(Recorded data)
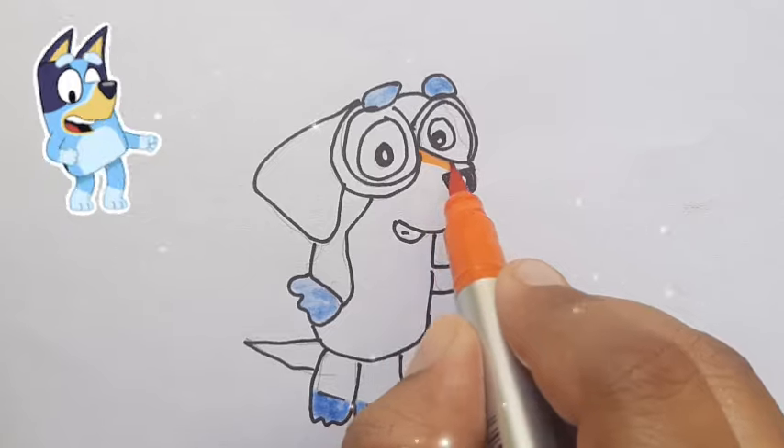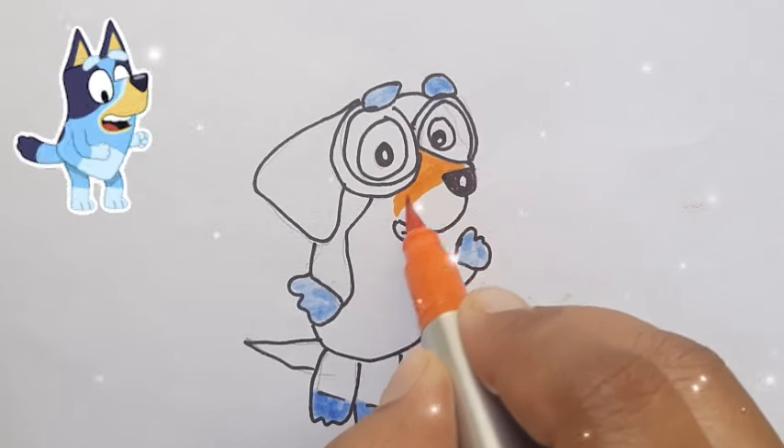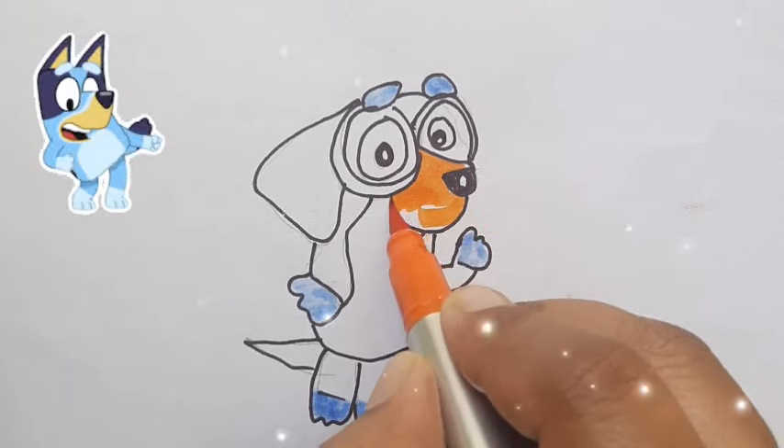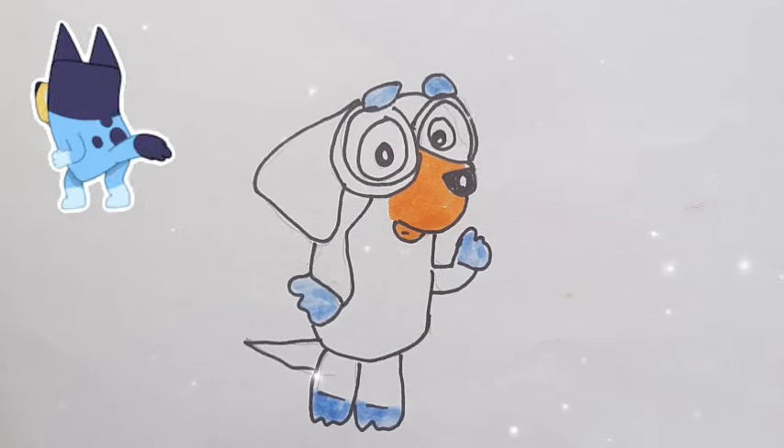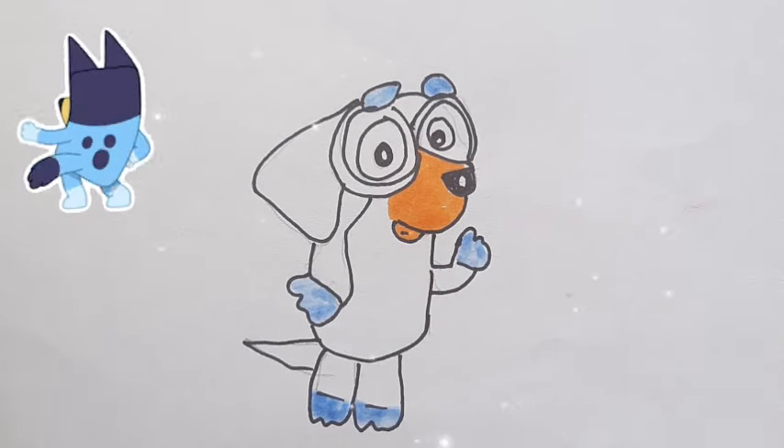Tick tock. Hickory dickory dock, the bee buzzed round the clock. Hickory dickory dock. Tick tock.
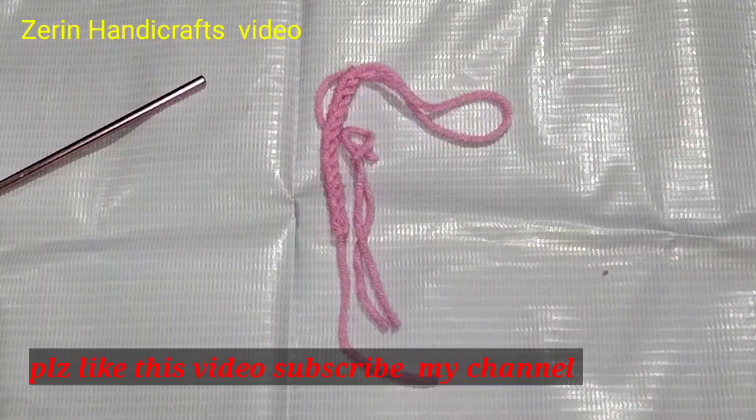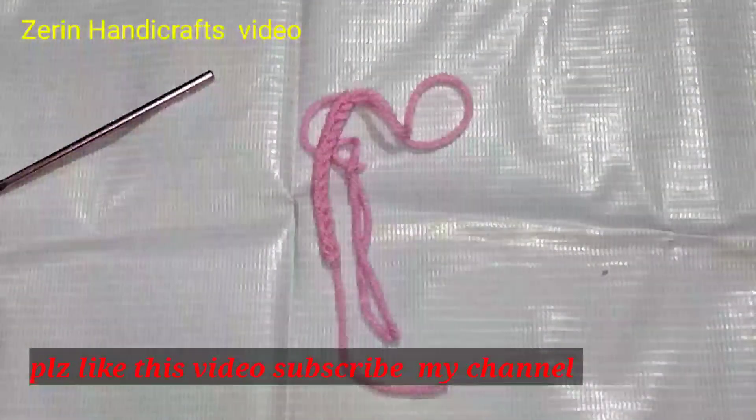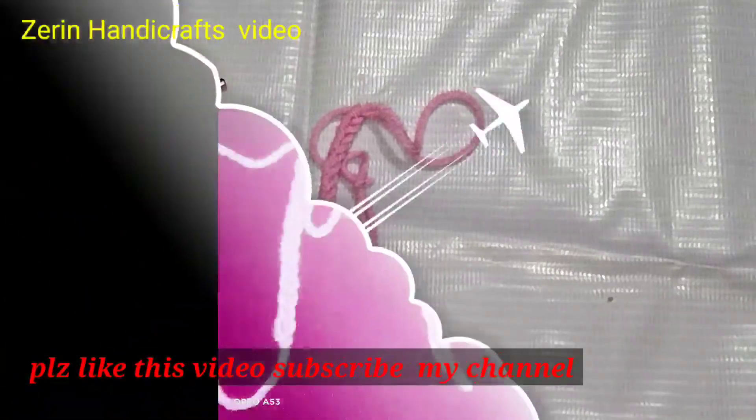I am standing here to show you how to do a single crochet in this way, which I will show you.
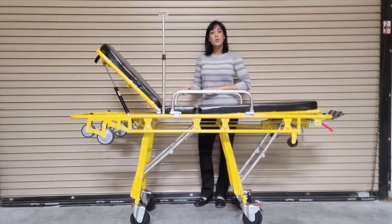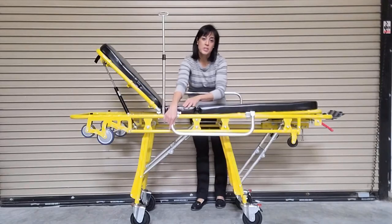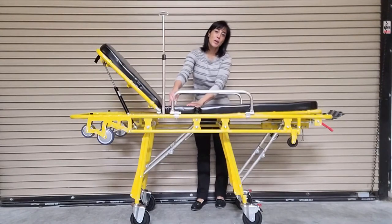The side rails on this unit also collapse, making it easier to load and unload your passenger. To collapse the side rail, simply pull the lever on the side and lower. To raise it, just pull up until it locks into place.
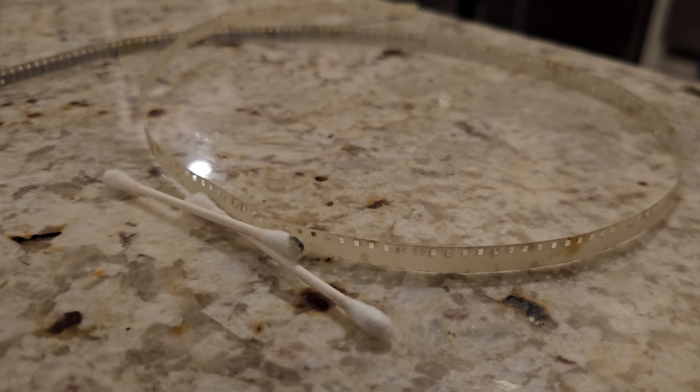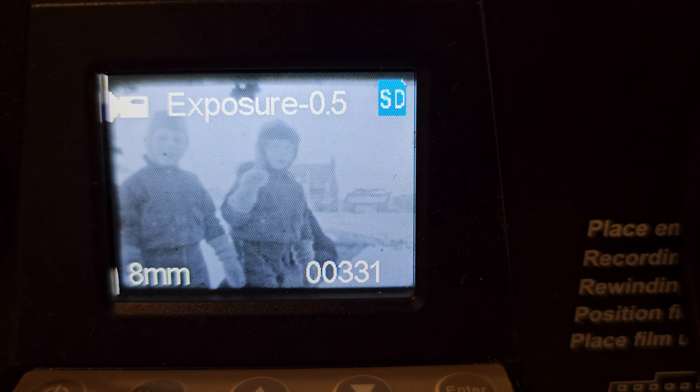The leader came off, but the film itself — I think that was just affixed by some adhesive tape that has long since been useful, so the rest of the film is holding together nicely. Knock on wood. Looks pretty good.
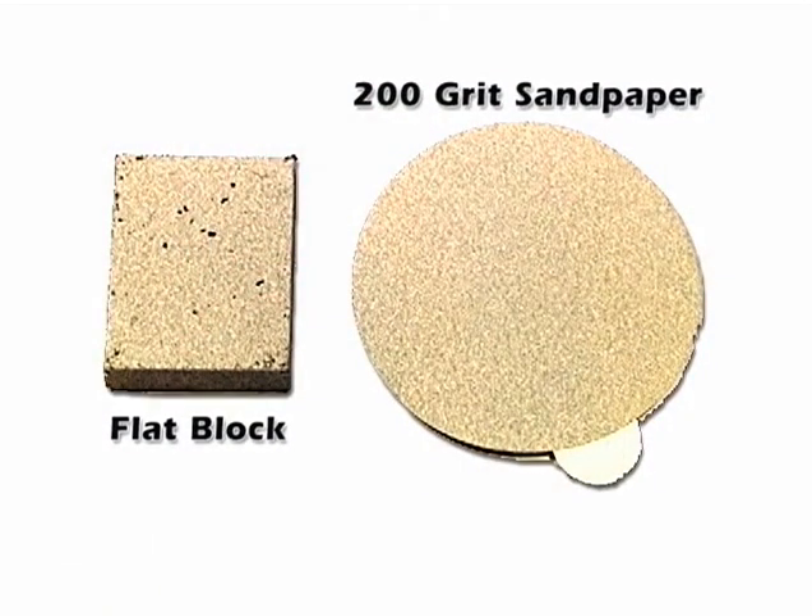200 grit sandpaper and a flat block is very useful on the sides of the rotor housings and the end plates where the rotor housings touch. Also be sure to remove all old gaskets and flat block these areas so that they are nice and flat and clean.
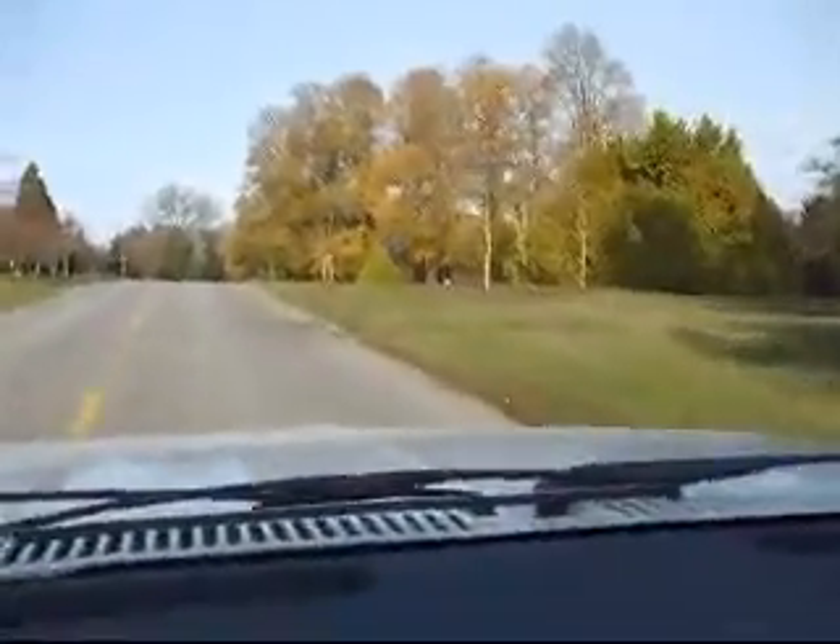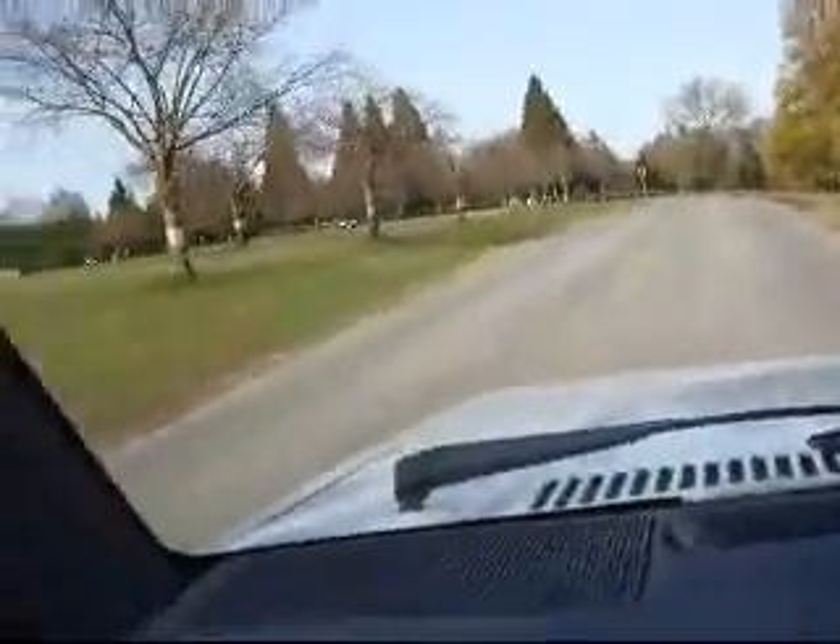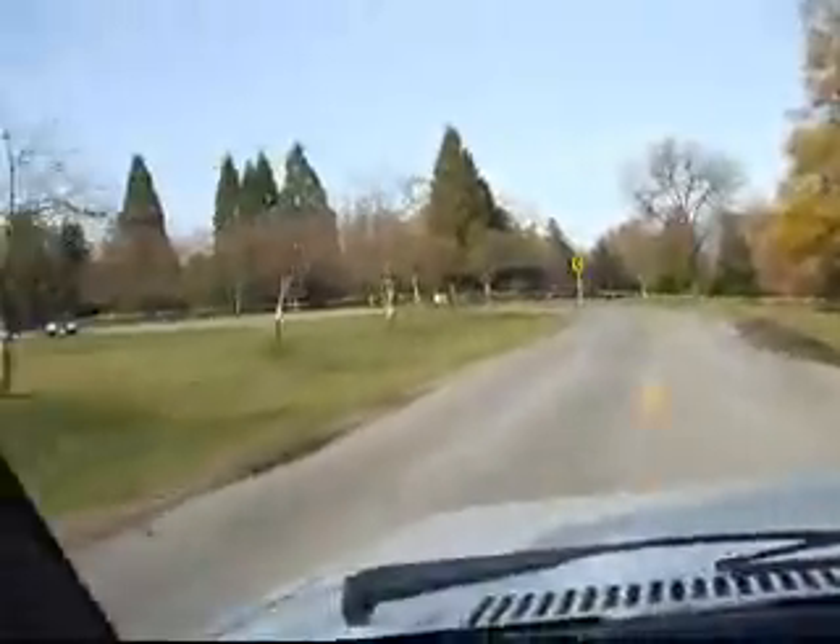There's the sign for the Bloedel Conservatory. Right here you can see the mountains around Vancouver. My understanding is that this is the highest point in Vancouver. We're still going up a bit — we're only drawing a few amps, less than about 20 amps right now, because we've already done the worst part of the climb.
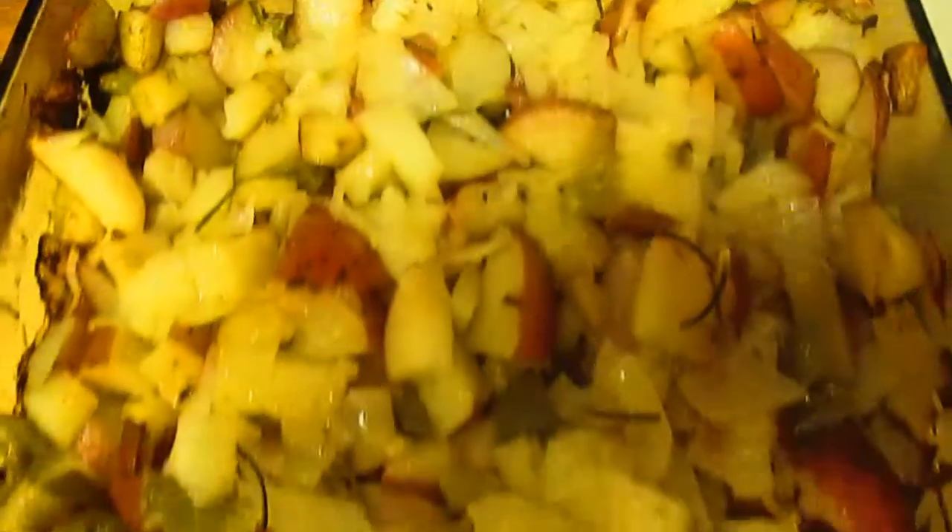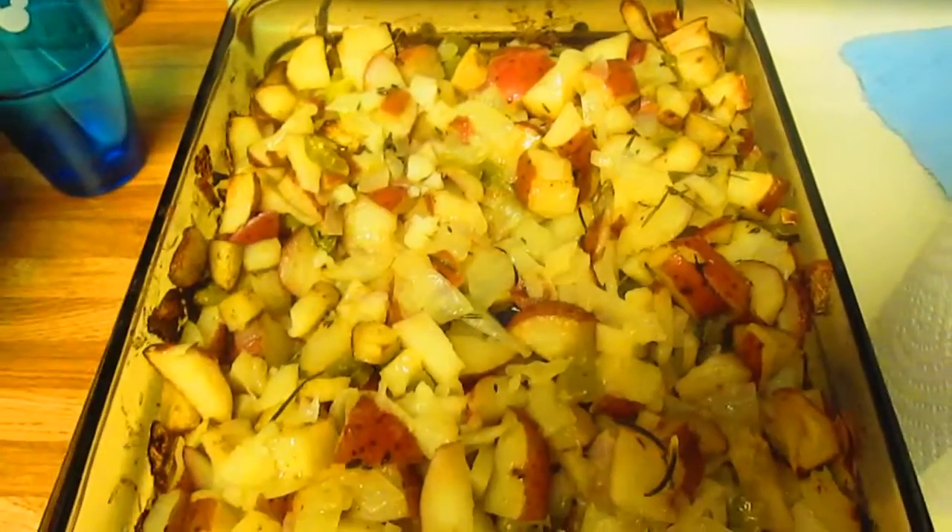Here are the potatoes cooling off after they came out of the oven. They look so yummy.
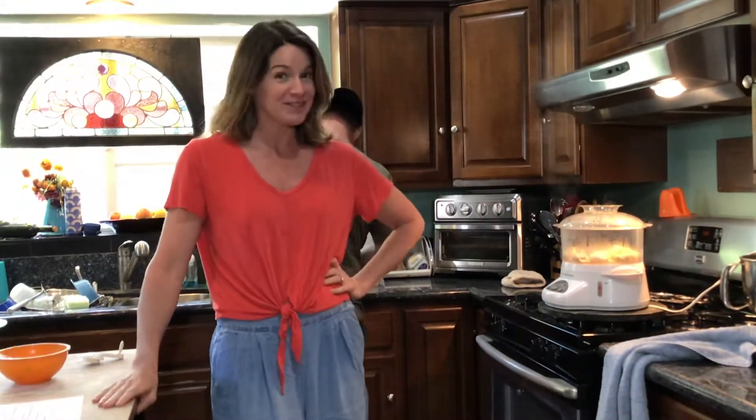Hi everyone! On today's segment of What's Cooking with Mr. Tim, Mr. Tim is making us lunch. Let's see what he's making us for lunch.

_About this exercise_
In your copy of the entries above, leave out the pictures and keep every word exact.

_Output for this exercise_
Tick tock. Hickory dickory dock, the bee buzzed round the clock. Hickory dickory dock. Tick tock.
I am standing here to show you how to do a single crochet in this way, which I will show you.
The side rails on this unit also collapse, making it easier to load and unload your passenger. To collapse the side rail, simply pull the lever on the side and lower. To raise it, just pull up until it locks into place.
The leader came off, but the film itself — I think that was just affixed by some adhesive tape that has long since been useful, so the rest of the film is holding together nicely. Knock on wood. Looks pretty good.
200 grit sandpaper and a flat block is very useful on the sides of the rotor housings and the end plates where the rotor housings touch. Also be sure to remove all old gaskets and flat block these areas so that they are nice and flat and clean.
There's the sign for the Bloedel Conservatory. Right here you can see the mountains around Vancouver. My understanding is that this is the highest point in Vancouver. We're still going up a bit — we're only drawing a few amps, less than about 20 amps right now, because we've already done the worst part of the climb.
Here are the potatoes cooling off after they came out of the oven. They look so yummy.
Hi everyone! On today's segment of What's Cooking with Mr. Tim, Mr. Tim is making us lunch. Let's see what he's making us for lunch.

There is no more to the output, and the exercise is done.